Monday, January 12, 2015

Summary of Connected Teaching and Personalized Learning: Implications of the NETP for Adult Ed

I read Connected Teaching and Personalized Learning: Implications of the National Education Technology Plan for Adult Education by the American Institutes for Research, and this post includes some of the important points and messages I took away from the text.

I also point out areas for professional growth and improvement within the noncredit ESL department, based on results of instructor self-assessments on technology for our WIA / EL Civics grant. All such comments are to be considered non-judgmental, and I am considered within the group, so the intention is for reflection on further growth and development in the area of integrating technology in teaching ESL – along with ideas for implementing such professional growth.

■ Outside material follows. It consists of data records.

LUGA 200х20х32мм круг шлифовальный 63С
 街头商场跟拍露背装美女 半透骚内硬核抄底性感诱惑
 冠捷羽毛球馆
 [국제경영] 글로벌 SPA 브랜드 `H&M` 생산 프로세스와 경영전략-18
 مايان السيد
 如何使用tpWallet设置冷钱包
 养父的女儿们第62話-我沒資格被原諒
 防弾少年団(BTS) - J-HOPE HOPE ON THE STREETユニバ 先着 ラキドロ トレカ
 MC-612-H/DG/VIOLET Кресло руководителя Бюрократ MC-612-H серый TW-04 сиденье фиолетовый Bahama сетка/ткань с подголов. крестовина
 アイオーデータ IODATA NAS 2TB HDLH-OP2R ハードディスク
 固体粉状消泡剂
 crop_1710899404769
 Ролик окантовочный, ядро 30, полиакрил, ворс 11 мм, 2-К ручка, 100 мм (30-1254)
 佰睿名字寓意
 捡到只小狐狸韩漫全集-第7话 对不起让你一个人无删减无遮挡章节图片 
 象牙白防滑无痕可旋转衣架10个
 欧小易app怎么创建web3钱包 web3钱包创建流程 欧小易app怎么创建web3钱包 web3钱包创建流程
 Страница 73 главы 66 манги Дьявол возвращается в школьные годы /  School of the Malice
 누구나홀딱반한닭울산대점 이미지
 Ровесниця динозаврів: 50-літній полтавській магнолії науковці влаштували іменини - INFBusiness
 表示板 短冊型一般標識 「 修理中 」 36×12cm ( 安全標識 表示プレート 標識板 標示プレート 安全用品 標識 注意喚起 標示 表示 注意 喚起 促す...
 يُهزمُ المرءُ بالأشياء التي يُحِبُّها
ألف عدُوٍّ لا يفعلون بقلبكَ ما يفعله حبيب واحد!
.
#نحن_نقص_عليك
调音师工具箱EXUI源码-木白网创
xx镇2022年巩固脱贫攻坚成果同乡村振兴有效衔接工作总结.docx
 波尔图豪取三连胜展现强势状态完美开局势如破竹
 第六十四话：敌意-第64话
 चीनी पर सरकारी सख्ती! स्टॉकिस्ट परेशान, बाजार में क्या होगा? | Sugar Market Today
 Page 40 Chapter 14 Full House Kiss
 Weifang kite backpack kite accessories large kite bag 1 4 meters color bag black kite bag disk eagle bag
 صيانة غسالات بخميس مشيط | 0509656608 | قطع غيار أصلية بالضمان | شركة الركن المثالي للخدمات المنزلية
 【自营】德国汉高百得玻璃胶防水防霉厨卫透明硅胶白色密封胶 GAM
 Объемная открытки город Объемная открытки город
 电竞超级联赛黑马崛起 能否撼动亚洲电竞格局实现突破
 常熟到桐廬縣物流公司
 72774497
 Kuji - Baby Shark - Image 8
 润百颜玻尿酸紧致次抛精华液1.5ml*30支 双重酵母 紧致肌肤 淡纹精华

Also, the comments only refer to identified areas of growth; there were several areas of technology integration in which our department's teachers scored very high.

 The gist of this report and its recommendations is that technology use in adult education can benefit learners through its potential for individualization, differentiation, and personalization.

The article describes a program in NYC, and goes on to assert, using the program as a model, that “[t]hese principles are especially relevant for students in adult education programs, who have a particularly wide range of backgrounds and may have a wide variety of learning preferences. In this kind of program, students are likely to be more engaged in their learning because they can move at their own pace and not be distracted by their classmates' pace.”

Other key words and phrases in the article are the following: relevancy, engagement, motivation, skills attainment for career/employment preparation.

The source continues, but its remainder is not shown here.